From: Yu Hsiang Huang <[email protected]>
Truncation of an unlinked inode may take a long time for I/O waiting, and
it doesn't have to prevent access to the directory. Thus, let truncation
occur outside the directory's mutex, just like do_unlinkat() does.
Signed-off-by: Yu Hsiang Huang <[email protected]>
Signed-off-by: Bing Jing Chang <[email protected]>
Signed-off-by: Robbie Ko <[email protected]>
---
fs/nfsd/vfs.c | 5 +++++
1 file changed, 5 insertions(+)
diff --git a/fs/nfsd/vfs.c b/fs/nfsd/vfs.c
index 15adf1f6ab21..39948f130712 100644
--- a/fs/nfsd/vfs.c
+++ b/fs/nfsd/vfs.c
@@ -1859,6 +1859,7 @@ nfsd_unlink(struct svc_rqst *rqstp, struct svc_fh *fhp, int type,
{
struct dentry *dentry, *rdentry;
struct inode *dirp;
+ struct inode *rinode;
__be32 err;
int host_err;
@@ -1887,6 +1888,8 @@ nfsd_unlink(struct svc_rqst *rqstp, struct svc_fh *fhp, int type,
host_err = -ENOENT;
goto out_drop_write;
}
+ rinode = d_inode(rdentry);
+ ihold(rinode);
if (!type)
type = d_inode(rdentry)->i_mode & S_IFMT;
@@ -1902,6 +1905,8 @@ nfsd_unlink(struct svc_rqst *rqstp, struct svc_fh *fhp, int type,
if (!host_err)
host_err = commit_metadata(fhp);
dput(rdentry);
+ fh_unlock(fhp);
+ iput(rinode); /* truncate the inode here */
out_drop_write:
fh_drop_write(fhp);
--
2.25.1
On Fri, May 14, 2021 at 11:58:29AM +0800, Nick Huang wrote:
> From: Yu Hsiang Huang <[email protected]>
>
> Truncation of an unlinked inode may take a long time for I/O waiting, and
> it doesn't have to prevent access to the directory. Thus, let truncation
> occur outside the directory's mutex, just like do_unlinkat() does.
Makes sense to me, thanks. I'll queue it up for 5.14.

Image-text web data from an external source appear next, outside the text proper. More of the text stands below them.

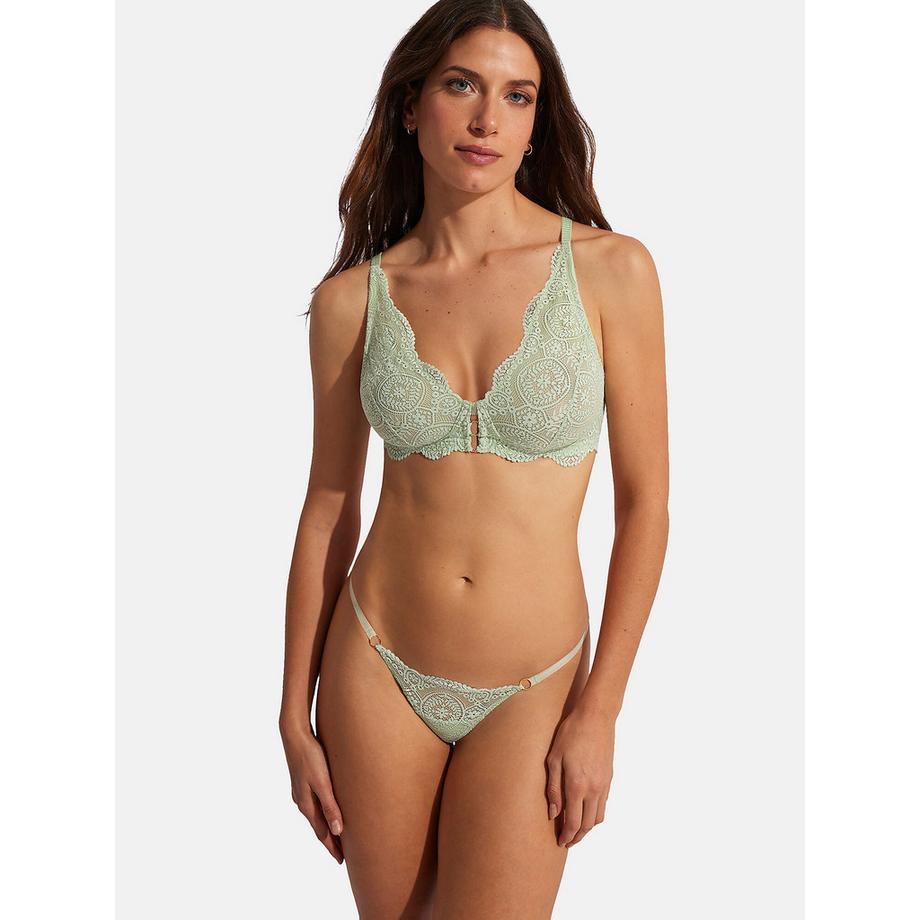 Selmark Matilda Soutien-gorge triangle sans armatures  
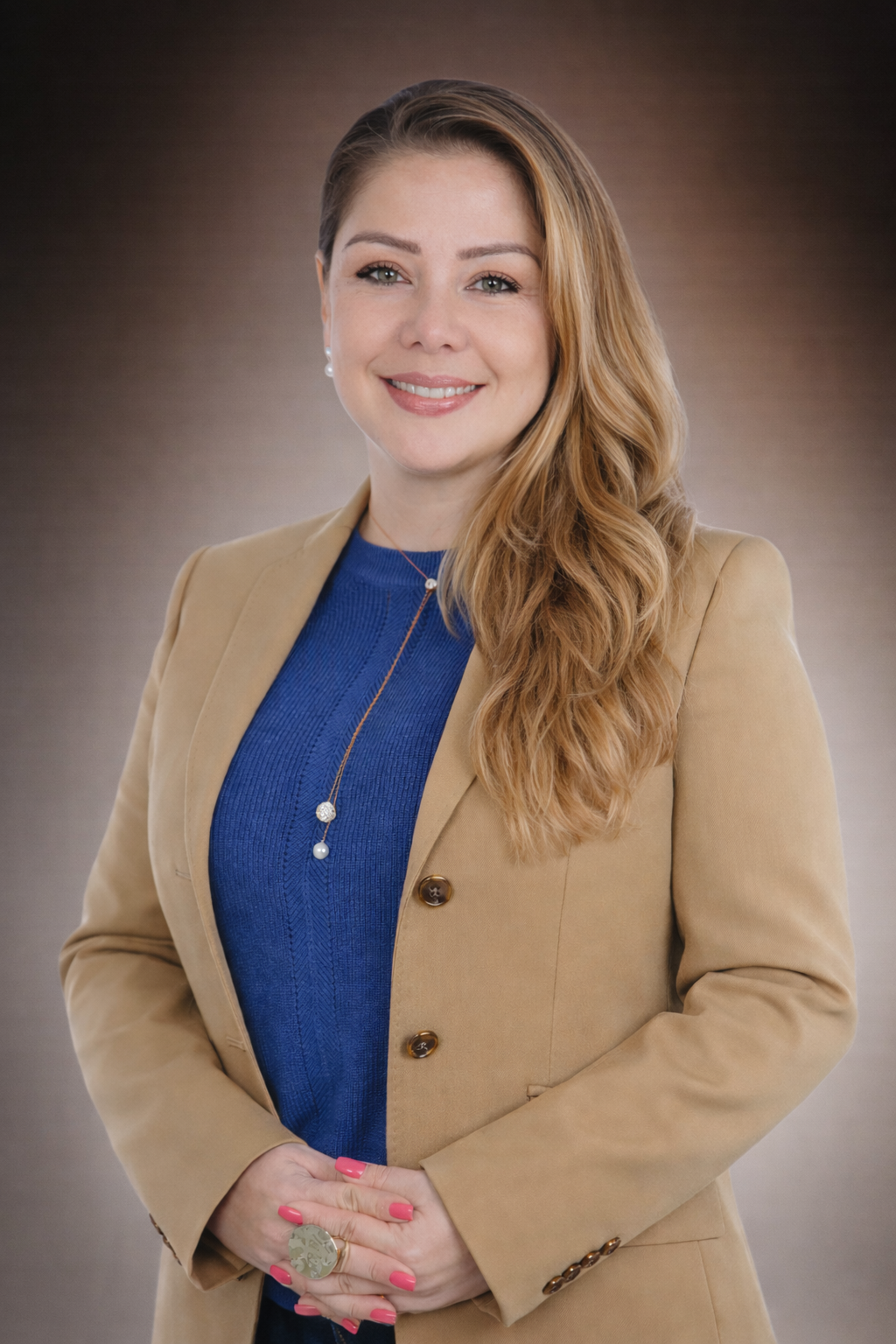Patricia Mescia - ImoExperts Team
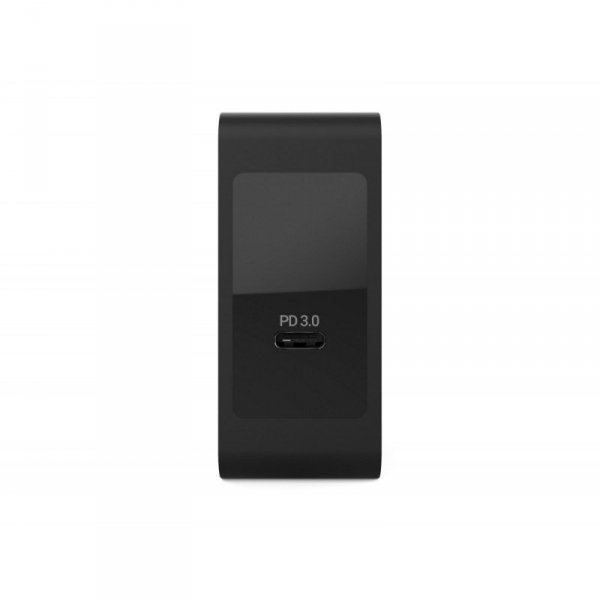 Green Cell Ładowarka sieciowa USB-C 60W PD (z kablem USB-C)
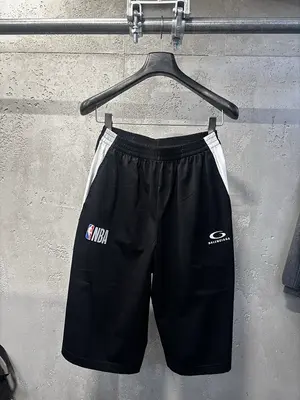 CN¥288/ €36.38【9.5/10】NBA Regular Shorts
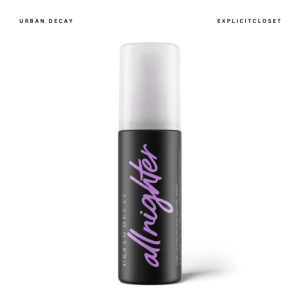 All Nighter Waterproof Makeup Setting Spray Full-Sized
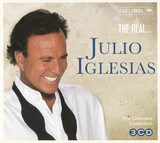 IGLESIAS, JULIO:  The Real…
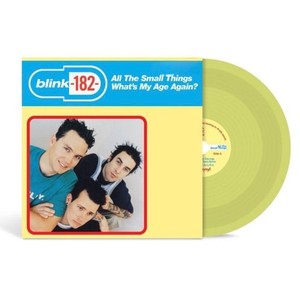 Blink 182 All the Small Things | eBay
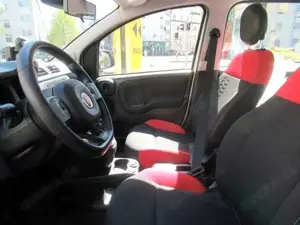 Fiat Panda Bild 4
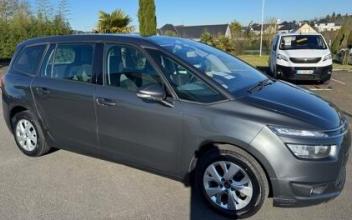 Citroen grand c4 picasso Montjean-sur-Loire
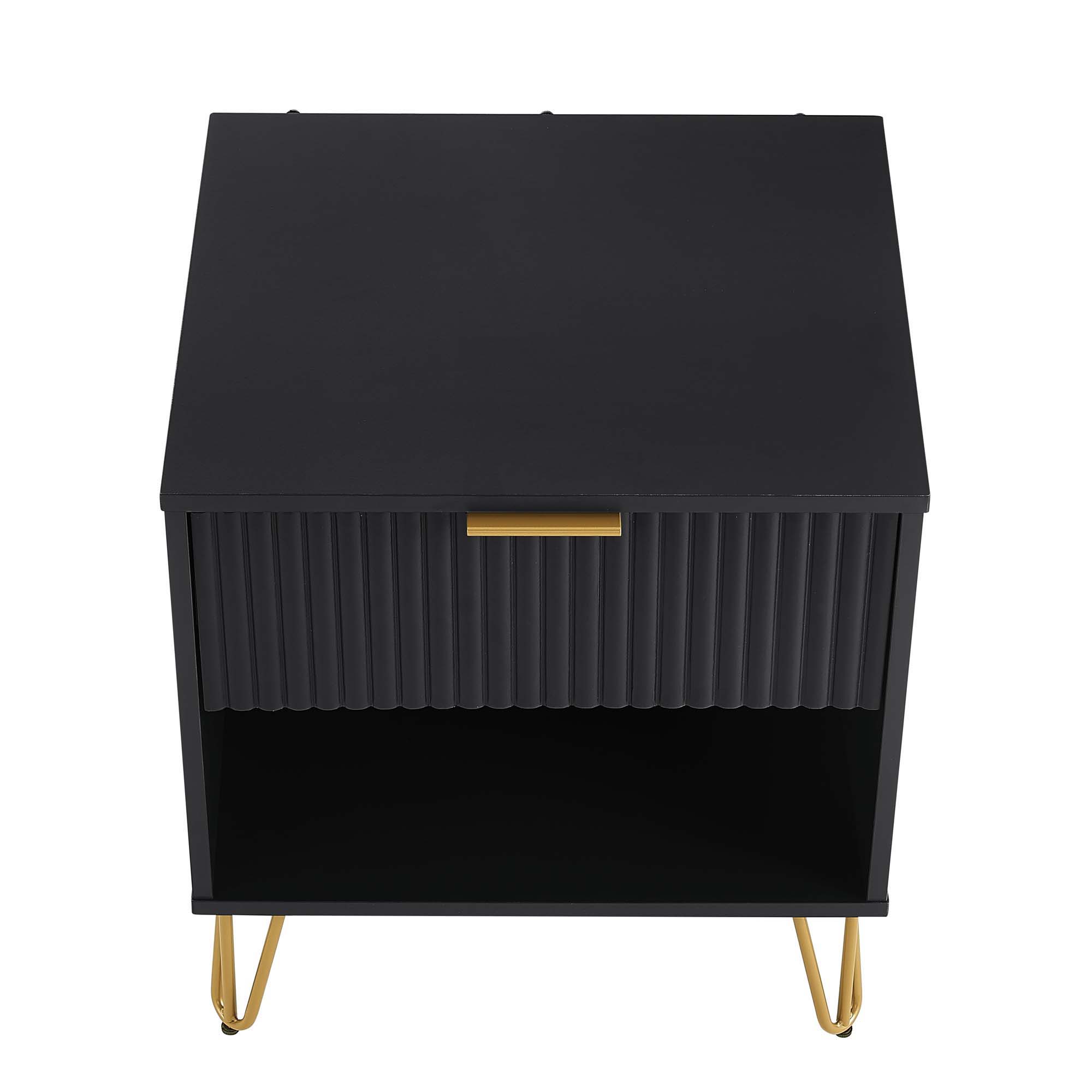 Dumbo - Modern Nightstand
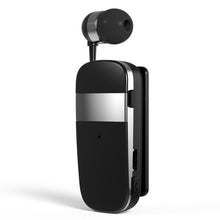 Load image into Gallery viewer, K53 Stereo Wireless Bluetooth Headset Calls Remind Vibration Wear-Clip Driver Auriculares Earphone For Phone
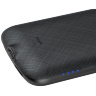 Baseus Continuous Backpack для iPhone Xs 4000 mAh - Чехол-аккумулятор - 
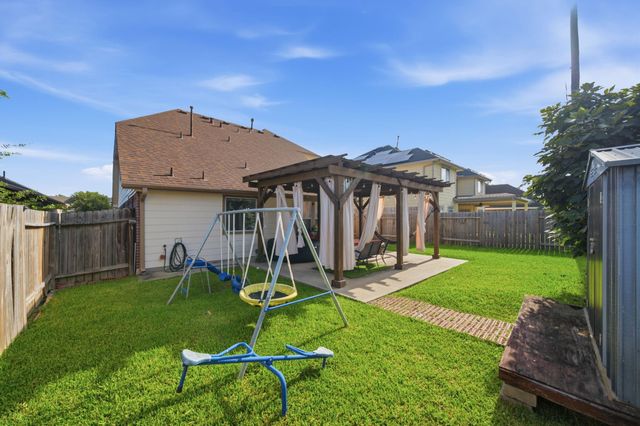 6619 Romsley Lane, Houston, TX 77049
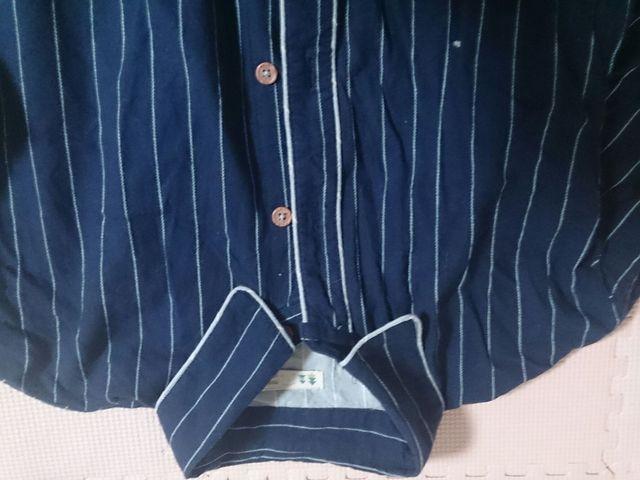 moon stone 綿のつなぎ 美品 < 女性ファッション  moon stone 綿のつなぎ 美品 < 女性ファッションの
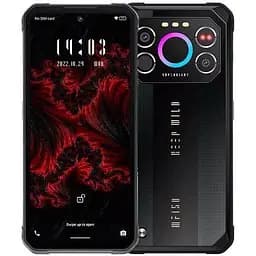 Смартфон Oukitel F150 Air1 Ultra+ 12/256 Gb Global NFC Black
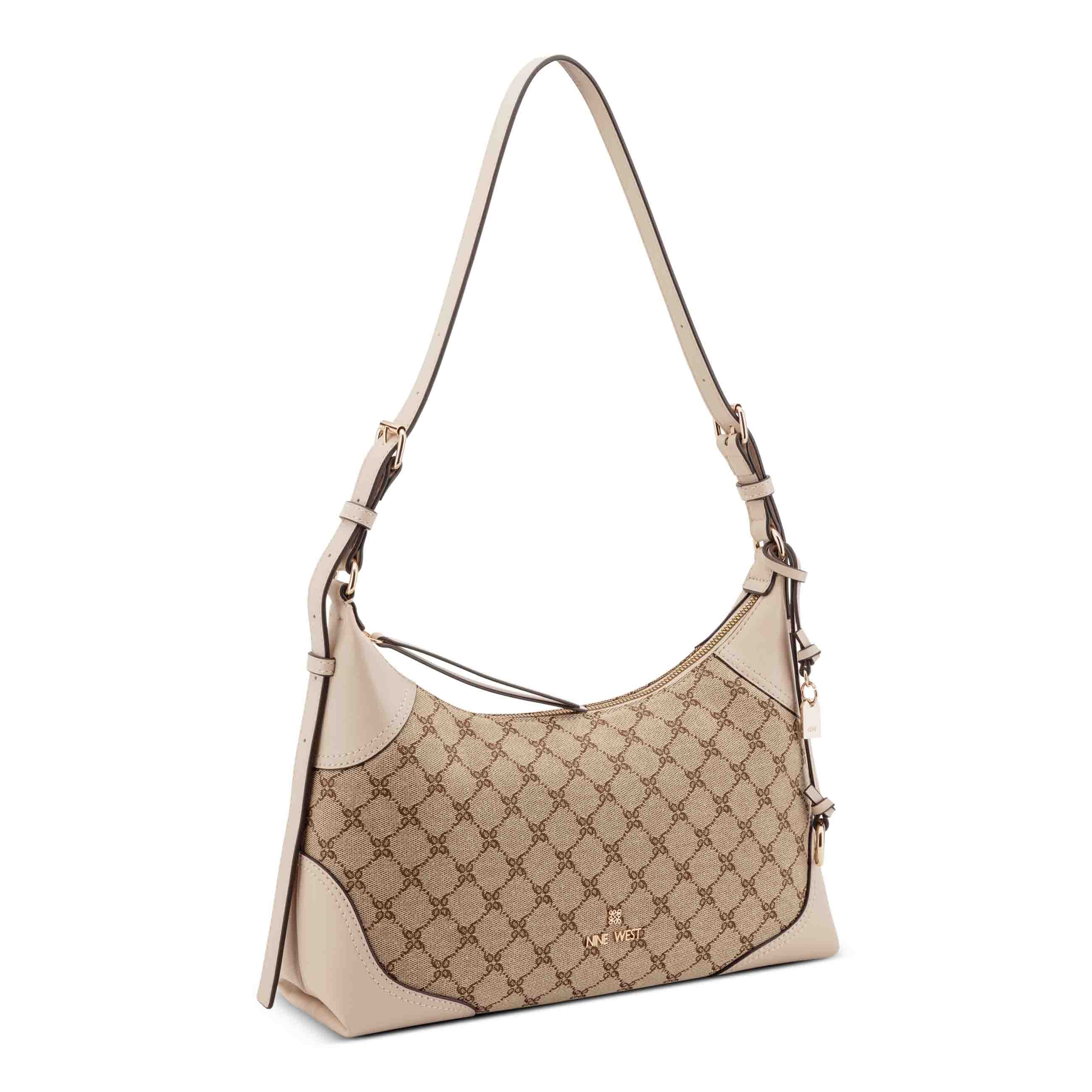 Allie Convertible Shoulder Bag - Image 2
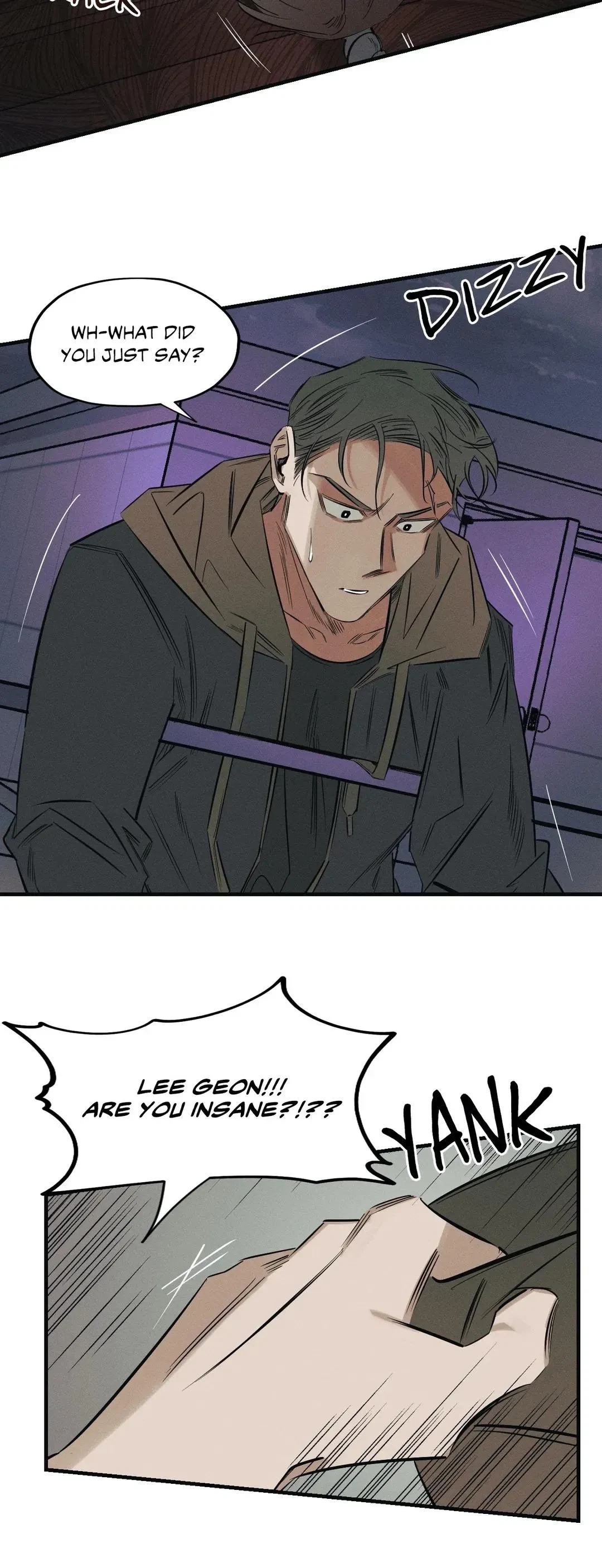 Sin Flower Chapter 11, page 26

Just out of curiosity: was this found just by inspection, or were you
hitting this in a real workload? I'd be interested in what it took to
reproduce if so.
--b.
>
> Signed-off-by: Yu Hsiang Huang <[email protected]>
> Signed-off-by: Bing Jing Chang <[email protected]>
> Signed-off-by: Robbie Ko <[email protected]>
> ---
> fs/nfsd/vfs.c | 5 +++++
> 1 file changed, 5 insertions(+)
>
> diff --git a/fs/nfsd/vfs.c b/fs/nfsd/vfs.c
> index 15adf1f6ab21..39948f130712 100644
> --- a/fs/nfsd/vfs.c
> +++ b/fs/nfsd/vfs.c
> @@ -1859,6 +1859,7 @@ nfsd_unlink(struct svc_rqst *rqstp, struct svc_fh *fhp, int type,
> {
> struct dentry *dentry, *rdentry;
> struct inode *dirp;
> + struct inode *rinode;
> __be32 err;
> int host_err;
>
> @@ -1887,6 +1888,8 @@ nfsd_unlink(struct svc_rqst *rqstp, struct svc_fh *fhp, int type,
> host_err = -ENOENT;
> goto out_drop_write;
> }
> + rinode = d_inode(rdentry);
> + ihold(rinode);
>
> if (!type)
> type = d_inode(rdentry)->i_mode & S_IFMT;
> @@ -1902,6 +1905,8 @@ nfsd_unlink(struct svc_rqst *rqstp, struct svc_fh *fhp, int type,
> if (!host_err)
> host_err = commit_metadata(fhp);
> dput(rdentry);
> + fh_unlock(fhp);
> + iput(rinode); /* truncate the inode here */
>
> out_drop_write:
> fh_drop_write(fhp);
> --
> 2.25.1
On Fri, 2021-05-14 at 11:58 +0800, Nick Huang wrote:
> From: Yu Hsiang Huang <[email protected]>
>
> Truncation of an unlinked inode may take a long time for I/O waiting,
> and
> it doesn't have to prevent access to the directory. Thus, let
> truncation
> occur outside the directory's mutex, just like do_unlinkat() does.
>
> Signed-off-by: Yu Hsiang Huang <[email protected]>
> Signed-off-by: Bing Jing Chang <[email protected]>
> Signed-off-by: Robbie Ko <[email protected]>
> ---
> fs/nfsd/vfs.c | 5 +++++
> 1 file changed, 5 insertions(+)
>
> diff --git a/fs/nfsd/vfs.c b/fs/nfsd/vfs.c
> index 15adf1f6ab21..39948f130712 100644
> --- a/fs/nfsd/vfs.c
> +++ b/fs/nfsd/vfs.c
> @@ -1859,6 +1859,7 @@ nfsd_unlink(struct svc_rqst *rqstp, struct
> svc_fh *fhp, int type,
> {
> struct dentry *dentry, *rdentry;
> struct inode *dirp;
> + struct inode *rinode;
> __be32 err;
> int host_err;
>
> @@ -1887,6 +1888,8 @@ nfsd_unlink(struct svc_rqst *rqstp, struct
> svc_fh *fhp, int type,
> host_err = -ENOENT;
> goto out_drop_write;
> }
> + rinode = d_inode(rdentry);
> + ihold(rinode);
>
> if (!type)
> type = d_inode(rdentry)->i_mode & S_IFMT;
> @@ -1902,6 +1905,8 @@ nfsd_unlink(struct svc_rqst *rqstp, struct
> svc_fh *fhp, int type,
> if (!host_err)
> host_err = commit_metadata(fhp);
Why leave the commit_metadata() call under the lock? If you're
concerned about latency, then it makes more sense to call fh_unlock()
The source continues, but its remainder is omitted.